Workers in recent months have continued to collect water and soil samples at a contaminated site in Navassa that is part of a multi-agency cleanup.
Officials plan to hold a public meeting Tuesday in Navassa to update residents about the fieldwork efforts and environmental investigation at the property, home to a former creosote plant that was designated a Superfund site.
Since the last public hearing in December, “contractors have collected 44 groundwater samples, 15 soil samples and 13 sediment samples,” according to a news release from the U.S. Environmental Protection Agency. More than 200 soil samples had been taken already as well as nearly 150 groundwater samples as environmental officials figure out the best way to remediate the property.
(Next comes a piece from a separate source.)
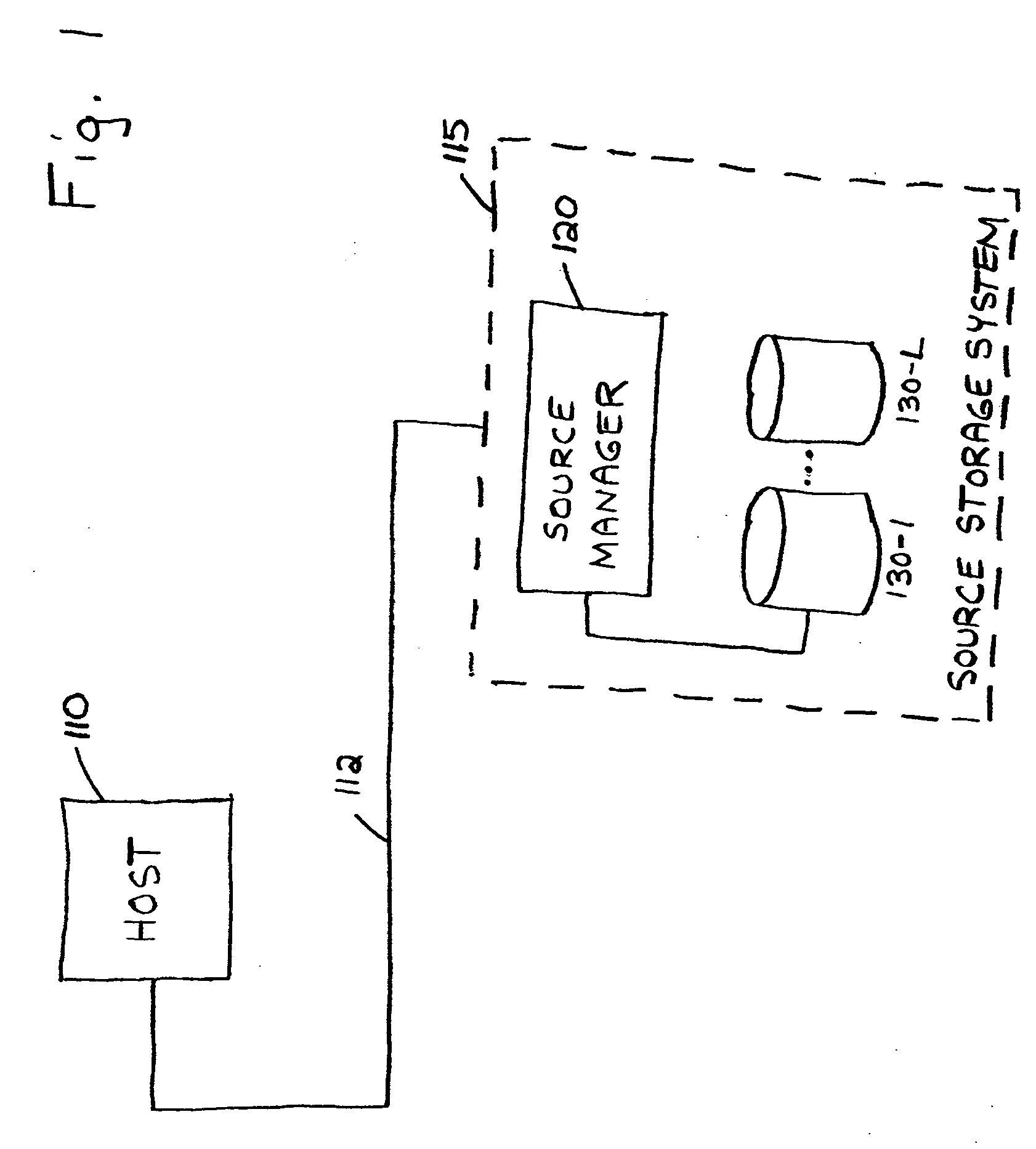System and method for file migration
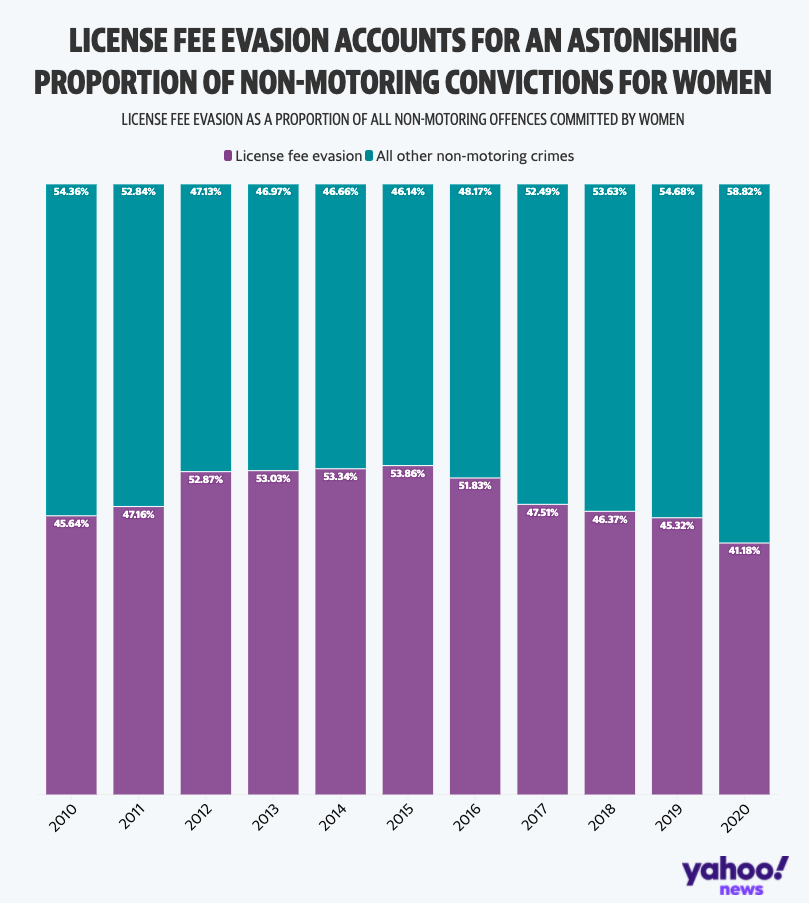 Licence fee evasion makes up a considerable proportion of all crimes committed by women.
The EPA is holding the meeting along with officials from the N.C. Department of Environmental Quality and Multistate Environmental Response Trust.
Soil, sediment and groundwater at the 251-acre site in Navassa have been impacted by creosote-related contaminates, according to the EPA. Kerr-McGee Chemical Corp. and other companies used the site between 1936 and 1974 for treating wood. Those wood-treatment facilities were dismantled by 1980.
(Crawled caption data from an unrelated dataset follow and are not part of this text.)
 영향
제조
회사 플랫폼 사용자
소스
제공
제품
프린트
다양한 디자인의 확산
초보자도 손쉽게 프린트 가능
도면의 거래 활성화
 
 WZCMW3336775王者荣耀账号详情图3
EPA officials said the site contamination does not threaten people who live or work near the site.
The Multistate Environmental Response Trust formed in 2011 to own the Navassa Superfund site and 400 other contaminated properties in the country as part of a court-approved agreement between the federal government, 24 states and Tonox, formerly Kerr-McGee, according to the Multistate Trust.
Settlement funding provided the Multistate Trust $92.5 million to clean up the Navassa site.
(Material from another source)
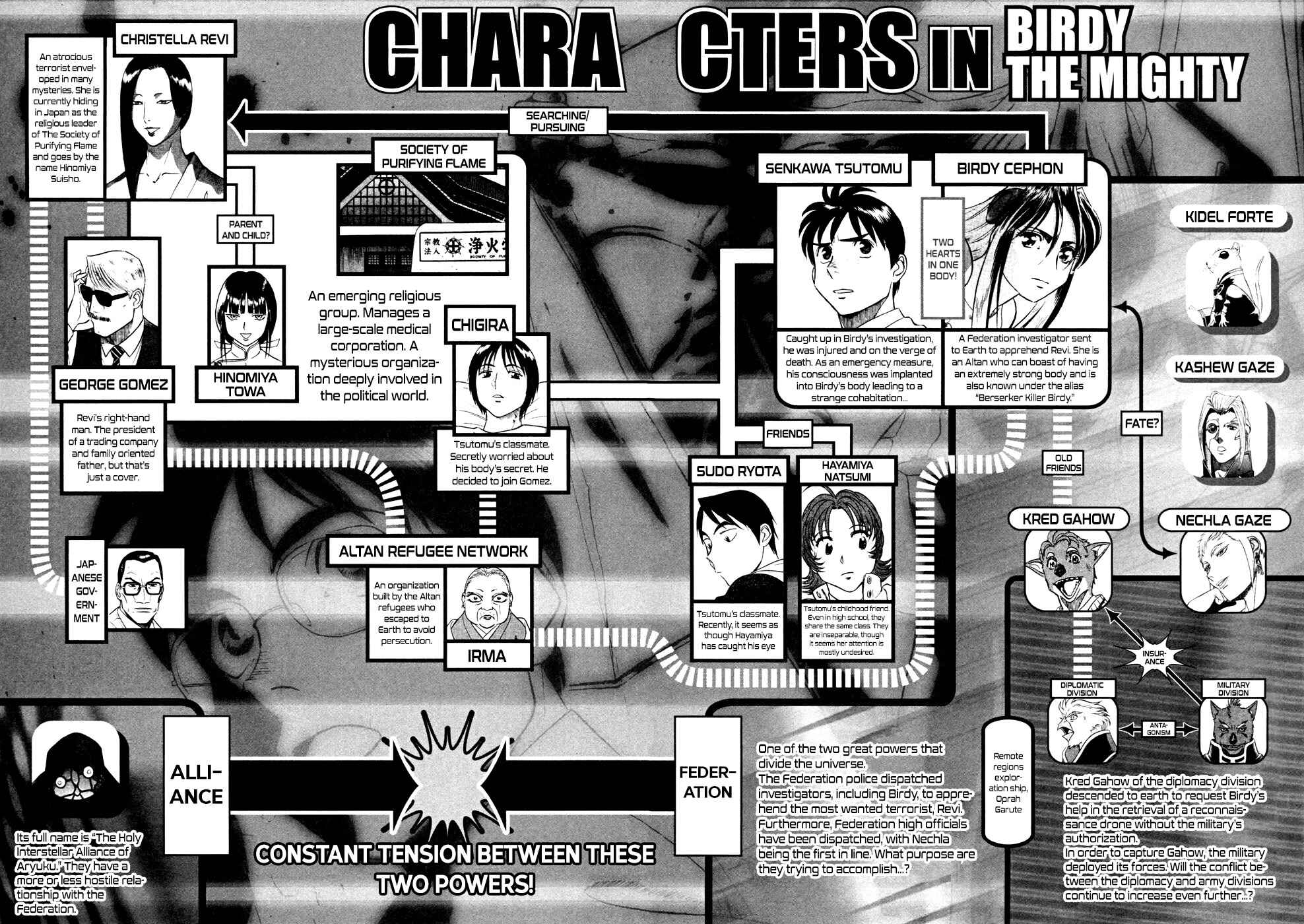 Page 5 Chapter 209 Birdy the Mighty (II)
“These cleanup funds can be spent only on environmental actions, such as site investigations and cleanup,” said Christine Amrhine, a spokeswoman for the Multistate Trust. “The U.S. Environmental Protection Agency (EPA) approves Multistate Trust cleanup plans and budgets, in consultation with the North Carolina Department of Environmental Quality. The Multistate Trust has been working on environmental investigations to characterize the nature and the extent of the contamination.”
Settlement funds also resulted in more than $20 million for the Navassa Trustees Council. Those funds, Amrhine said, are to be used for projects to restore natural resources and habitat for fish, birds and other wildlife harmed by the contaminants at the Superfund site.
Tuesday’s public meeting is scheduled for 6-8 p.m. at the Navassa Community Center, 338 Main St.